Staff Review/ Lost is Found

Cornerhouse Digital Reporter Joe Tyrell explores our current exhibition…

The curation of a group exhibition is something that I, and I’d imagine many people, rarely think about. Having walked around a gallery, we are left with individual artworks that stand out, perhaps because we found them aesthetically appealing, or because they made us think about a wider picture, but it’s not often that we consider how and why those particular pieces of art are there, together.

Lost is Found, the new exhibition in Gallery 1 at Cornerhouse, makes it an impossible question to ignore. Whilst the artist’s works are each captivating in their own individual sense, it is within the exhibition that they seem to have found their true identity.

What makes Lost is Found most remarkable is the fact that the team behind it are all under twenty; a group of young people from Greater Manchester who have been given free reign to select and bring together the work of nine different artists from the North of England as part of the Creative Stars programme. Their response is one of noticeable maturity which makes for fascinating viewing.

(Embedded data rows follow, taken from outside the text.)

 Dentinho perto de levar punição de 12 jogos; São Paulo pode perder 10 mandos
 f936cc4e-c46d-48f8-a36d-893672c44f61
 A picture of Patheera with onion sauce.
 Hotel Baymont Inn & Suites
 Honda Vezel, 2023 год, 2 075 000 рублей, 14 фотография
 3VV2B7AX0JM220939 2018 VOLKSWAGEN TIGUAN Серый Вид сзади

The exhibition team initially set out on their search with little idea of what their show should include or communicate, but this soon changed, according to curator Neetu Roy. Although most had an initial instinct about the work that they liked, repeating themes soon emerged, leading to a diverse selection combined with the common threads of identity and transformation.

For example, Mark Beecroft’s three untitled works are wooden coat hangers reconfigured into new linear forms. This reconstruction (or deconstruction) brings with it a new life and narrative to the previously prosaic object. The same is true for Andrea Booker’s Spilt Milk. These two words are spelt out on the wall in iron lettering that has been found at a dilapidated Manchester factory, expressing a new significance and energy through their reincarnation, whilst also leading us to question the original origin when taken out of context. The notion of authorship that this infers is also key to Jon Barraclough. His two graphite drawings, from the Everything and Nothing series, are highly textured yet somewhat ethereal; depicting visually abstract shapes whose content is to be decided on by the onlooker.

An element of craft is noticeable throughout, with Eileen O’ Rourke sewing patterns from human hair, and Emily Speed casting fragile eggs from plaster, both of whom create works that, either through the medium or the final object, suggest a transiency and fragility that is unavoidable and perhaps extremely necessary in an exhibition that is dealing with past lives and future identities.

As Alistair Howard (also one of the curators) quite rightly says, discerning the themes of such conceptual artwork can at times be a dubious task. Yet it is something that the Creative Stars team has done with great dexterity in order to create a show in which every piece shares such a great affinity, leading us as the viewer to question not only the histories and identities of the artists and their work, but also of ourselves.

Lost is Found continues in Gallery 1 until Sun 19 Feb 2012. The Galleries are open Tue – Sun and are free to visit. Do pop in and take a look for yourself.